Some stayed, particularly the Americans, entranced by Prague’s shabby beauty and carpetbagger economy. Those least qualified for business employment in the West immediately became business experts in the East. English teachers were in such great demand that a passport was deemed ample qualification, and any native speaker untutored in the mysteries of grammar could find work teaching others what he did not know. Most Americans stayed a year, perhaps two, if particularly desperate to avoid responsibility. A few had intentions to settle in Prague on a more permanent basis, but this sort was rarely encountered and was notorious for learning to speak the local language, befriending the inhabitants, and exhibiting other disturbing characteristics of going native.
Andrew was the only Lávka regular I considered a friend, perhaps my only friend in Prague. He sat on the back patio, accompanied by his guitar case and a beer, deep into a characteristic crisis of spirit. Though I considered Andrew my best friend at the time, we had known each other for just under two months; we didn’t know each other at all. But his moods were no secret. He was proud of his moodiness, having made the common error of mistaking it for emotional depth. After he failed to respond to an amusing erotic anecdote about Katerina, whom he had met the night before, I gently chided him about his silence.

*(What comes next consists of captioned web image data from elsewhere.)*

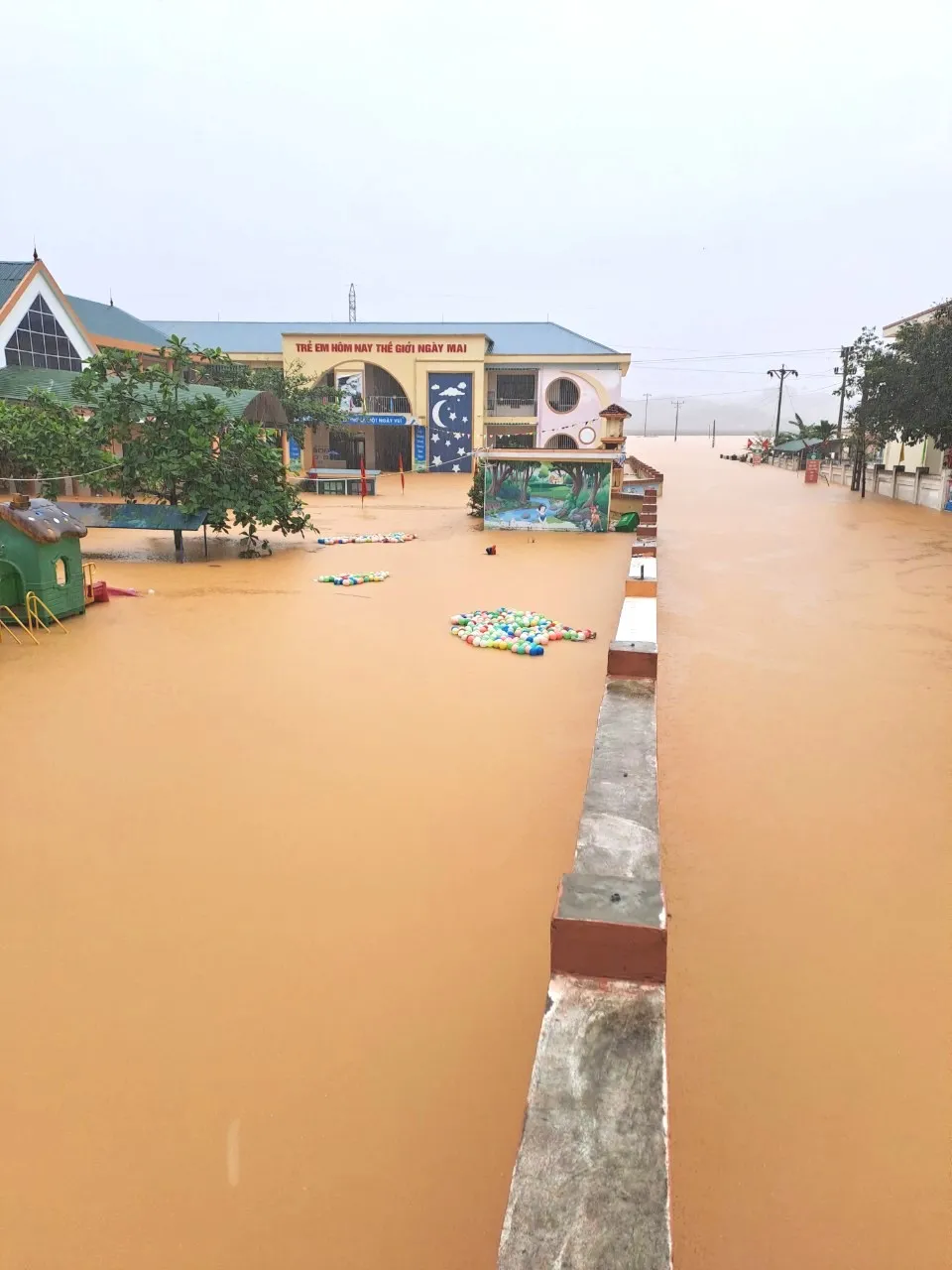 Một số khu vực thấp trũng bị ngập nước sâu ở xã Hương Thủy (Hương Khê)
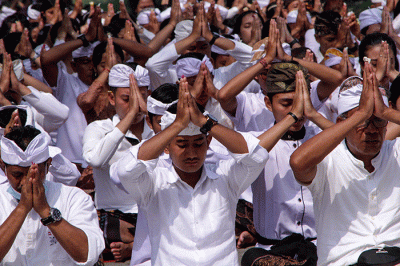 Ribuan umat Hindu mengikuti prosesi upacara Melasti di kawasan Pantai Marina, Kota Semarang, Jawa Tengah, Minggu (19/3/2023).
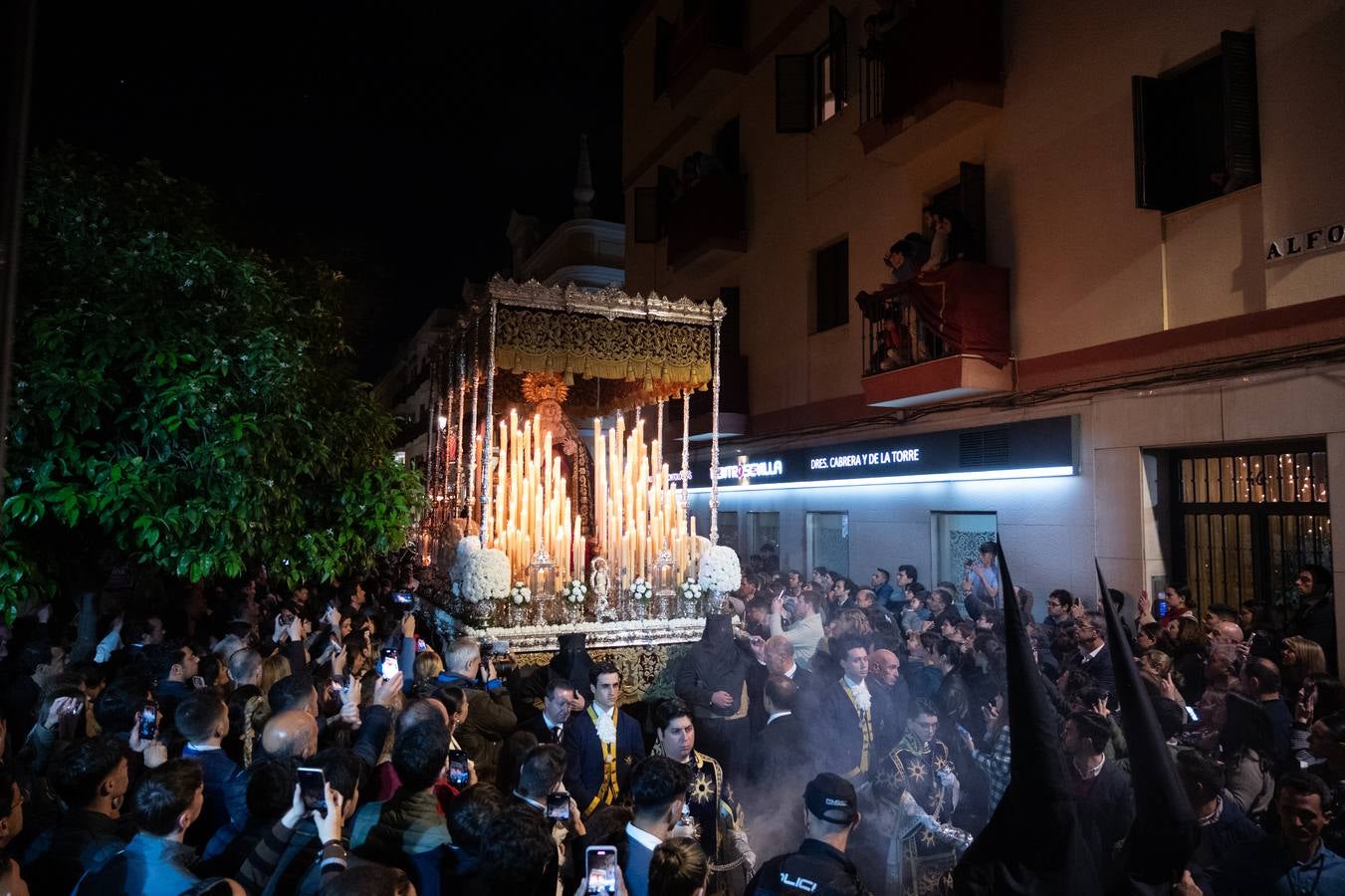 Momentos más emotivos de la procesión de  Las Penas, este Lunes Santo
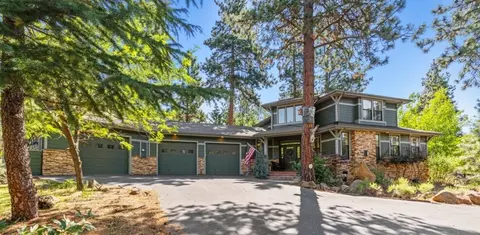 10247 Mourning Dove Dr, Klamath Falls, OR 97601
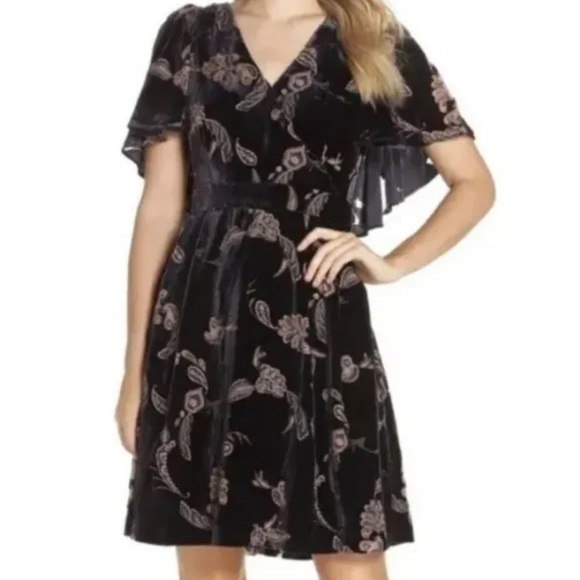 Eliza J Dresses & Skirts - Eliza J Plum Paisley Velvet Cape Sleeve Size 6p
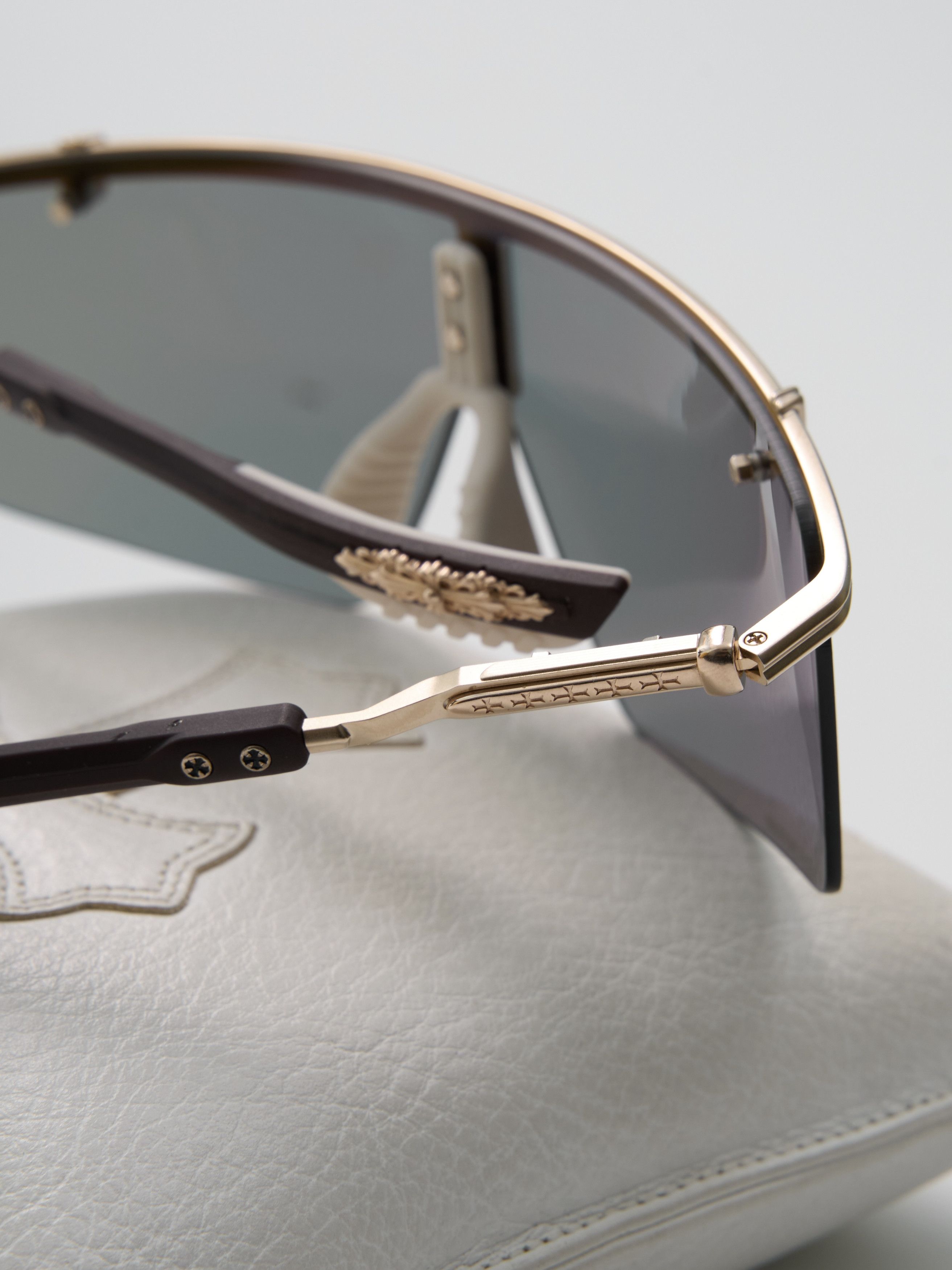 Chrome Hearts CHROME HEARTS CLITANIC - Matte Gold Plated / Classic Brown Size ONE SIZE - 10 Thumbnail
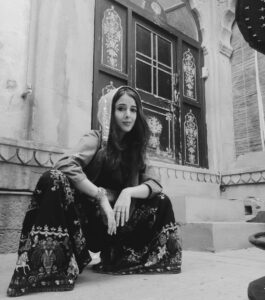 Suzanna Mukherjee Instagram - Jaisalmer 💛 #photomusings #suzannamukherjee #havelicorners #palacevibes #bts Nachana Haveli
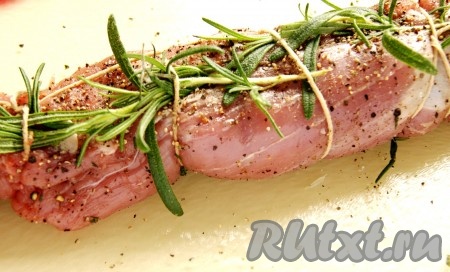 В ступке перетираем морскую соль, горошинки перца, листики розмарина (с одной веточки).
Вырезку натираем полученной смесью, кладём сверху веточки розмарина и перевязываем толстой кондитерской нитью.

“I had a bad shopping day,” he confessed.
I cocked an eyebrow, a conjunctive in the lexicon of facial gestures, meaning And?
“Don’t you ever get upset that you can’t buy anything in this fucking town? Like, all I wanted was a simple tube of toothpaste, it didn’t have to be Colgate or Crest, something from Germany would have done, but I didn’t know the word; then I picked the word out of the dictionary but I couldn’t pronounce it. The clerk looked at me like I was a complete idiot, so I showed her the word, and she shook her head and moved to the next person like I stopped existing. I repeated this, like, in four different stores, took me the entire afternoon, until finally someone gave me a tube of something, and I don’t even know if it’s toothpaste. God only knows what’s in it, certainly not fluoride or tartar control.”